Dann anschneiden und essen.
    Um ein Kilo Emmentaler zu produzieren, braucht man
zwölf Liter Milch, was heißt, dass in einem ganzen Emmentaler unheimlich viel
Milch steckt. Denn so ein Käserad ist wirklich riesig: Jedes hat einen
Durchmesser von einem Meter, ist 25 Zentimeter hoch und wiegt bis zu 120
Kilogramm. Deshalb sieht man fast nie Emmentaler Dreiecke: Gewöhnlich wird er
zu rechteckigen Blöcken geschnitten, denn als Tortenstück wäre jedes 50
Zentimeter lang. Sehr unpraktisch für eine normale Käseplatte. Die Löcher
wiederum entstehen durch eingeschlossenes CO 2 , das gegen Ende des
Reifungsprozesses von Bakterien bei ihrem Verdauungsprozess ausgestoßen wird –
ja, sie pupsen. Korrekt spricht man nicht von Löchern, sondern von Augen – der
Emmentaler ist quasi der radschlagende Pfau unter den Käsen –, deren Größe sich
durch Temperaturveränderung beim Erhitzen und die Dauer der Härtungszeit
beeinflussen lässt.
    Löcherkunde ist aber nicht das Einzige, was ich in der
Schaukäserei lerne. Ich erfahre auch, was es mit AOC auf sich hat (nein, wir kochen kein Fondue mit edlem Wein). Offenbar ist
Emmentaler nämlich nur der Name für die Methode, nach der dieser berühmte
Schweizer Käse hergestellt wird, er kann sonst woher stammen. Emmentaler AOC hingegen ist eine geschützte Marke für Käse, der
ausschließlich in einem bestimmten Schweizer Gebiet produziert wird, und zwar
aus Rohmilch, die keine zwölf Stunden alt sein darf und von Kühen stammt, die
mit frischem Gras oder Heu gefüttert wurden.

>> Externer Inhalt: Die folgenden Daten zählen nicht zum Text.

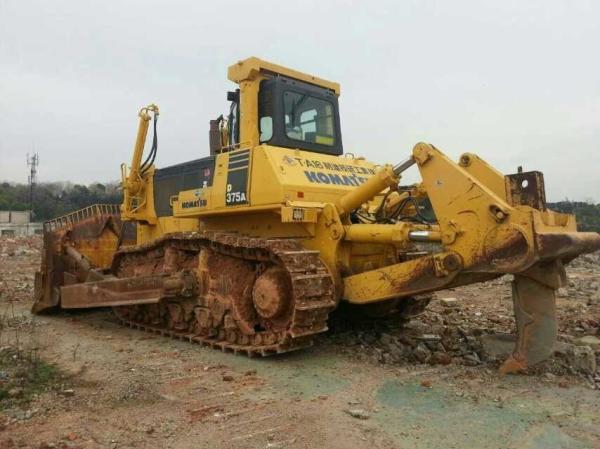TORQFLOW Transmission Used KOMATSU Bulldozer D375A 5 Single Ripper 605hp Engine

Jedes Käserad ist nummeriert, sodass
seine Herkunft zurückverfolgt werden kann, außerdem prangt auf jedem wie auf
bestimmten Weinen der Stempel AOC ( Appellation d’Origine Contrôlée ).

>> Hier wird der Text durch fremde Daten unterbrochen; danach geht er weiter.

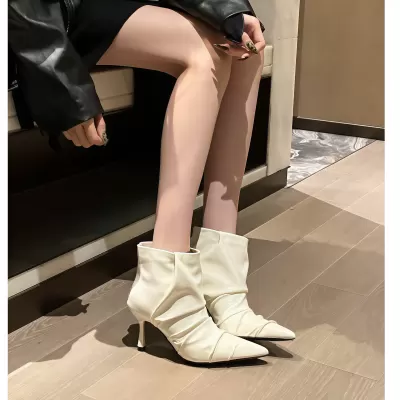 Women's Pointed Toe Stiletto Heel Ankle Boots, Pleated Slim Fit Short Boots 2026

    Schweizer Käse schmecken so köstlich, weil sie keine
Massenware sind. Auch wenn sie nicht gerade in Handarbeit auf Almhütten
entstehen. In der Schweiz werden jährlich 180 000 Tonnen Käse produziert,
wovon etwa ein Drittel exportiert wird. Ein großer Anteil wurde in Hunderten
von Dorfkäsereien aus der Milch der umliegende Höfen hergestellt. Unbestritten
verfügen viele Käsereien über modernste Technik. Nicht überall simmert die
Milch wie einst in Kupferpfannen über Holzfeuer, obwohl man das in der
Schaukäserei noch sehen kann. In einem alten Holzhaus stellt ein entsprechend
knorriger Herr den Käse noch auf traditionelle Weise her: in einem riesigen
Kessel, der über dem offenen Feuer hängt. Selbst in den anderen Räumen riecht
es, als sei das Haus aus Käse gebaut. Vielleicht ist es das ja auch – eine
Schweizer Version des Knusperhäuschens, wo nur das Alter und der Rauch die
Wände aussehen lassen, als seien sie aus Holz.

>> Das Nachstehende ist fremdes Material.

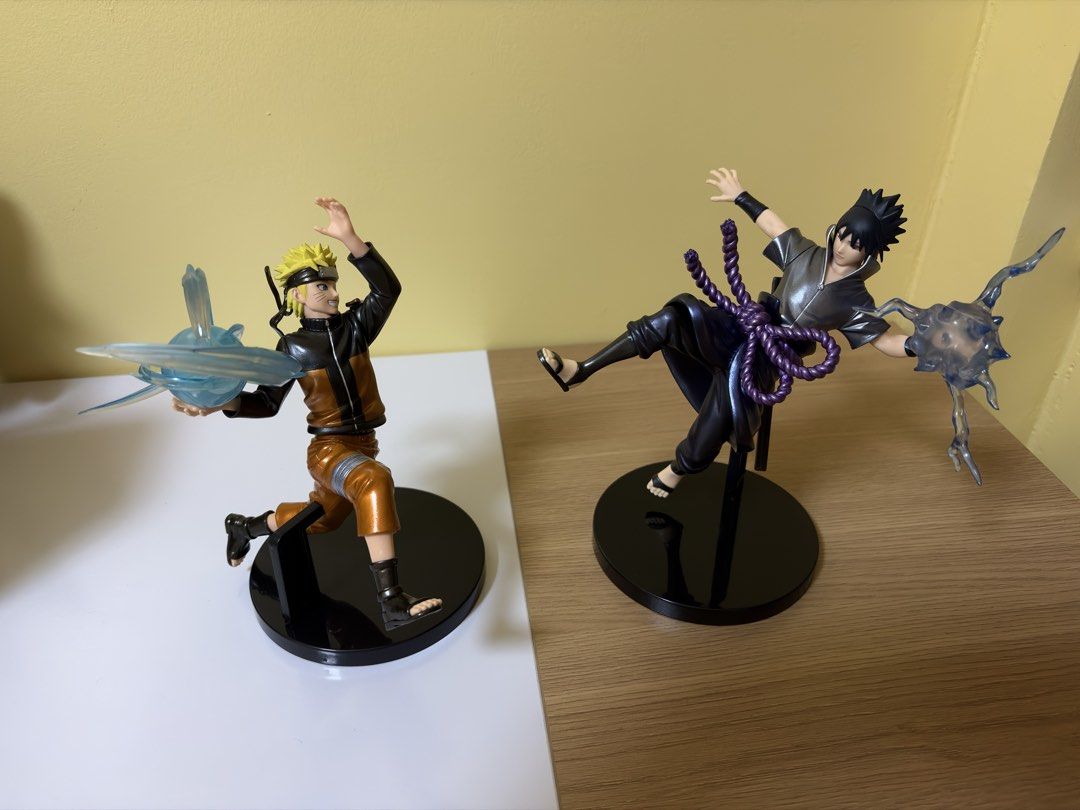 [RUSH SALE] Naruto and Sasuke Figurines (Category: Figurines & Statues) located in Manila. Submitted by dhcrts_ (Listing ID 1438421780, Image 2). Description: WTS LFB PH FLASH SALE! NARUTO & SASUKE FIGURES 📌 [first image] [Boruto] Naruto and Sasuke Set (BIB w/ Box) - ₱1,300 ❌ [second image] [20th Anniversary, Exclusive Figurine Set] Naruto and Sasuke (BIB w/ Box) - SOLD ꩜ Strictly sold as a set each pair ꩜ Lowest price posted ꩜ condi: BIB but st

Die käsigste Stadt weit und breit
    Nicht nur der Emmentaler gilt als typischer Schweizer
Käse, in der französischsprachigen Schweiz übernimmt diese Rolle der Gruyère,
auch als Greyerzer bekannt. Zusammen, am besten halbe-halbe, ergeben sie das
perfekte Fondue. Zwei Sprachen, zwei Käse, beide Schweizer Herkunft und beide
Teil des Schweizer Nationalgerichts schlechthin: Französisches und Deutsches in
kulinarischer Harmonie vereint.
    Selbst in einem Land voller pittoresker Städtchen
wirkt Gruyères (ja, aus irgendeinem Grund hat die Stadt im Gegensatz zum Käse
ein »s« am Ende) auf den ersten Blick besonders anziehend. Hoch über dem Tal
thront eine Burg auf einem Felsen inmitten eines Rings aus höheren Bergen. So
muss der Turm ausgesehen haben, von dem Rapunzel ihr goldenes Haar
herunterließ.
    Schweizer Burgen sind eher Märchenschlösser als
militärische Festungen. Statt Zinnen, Bergfried und Ringmauern sieht man hier
Spitztürmchen und überdachte Festungswälle um den eigentlichen Schlossbau in
der Mitte. Schloss Gruyères passt ins Muster, wirkt aber dennoch ziemlich
abweisend, vielleicht wohnt hier doch Dracula und nicht Rapunzel.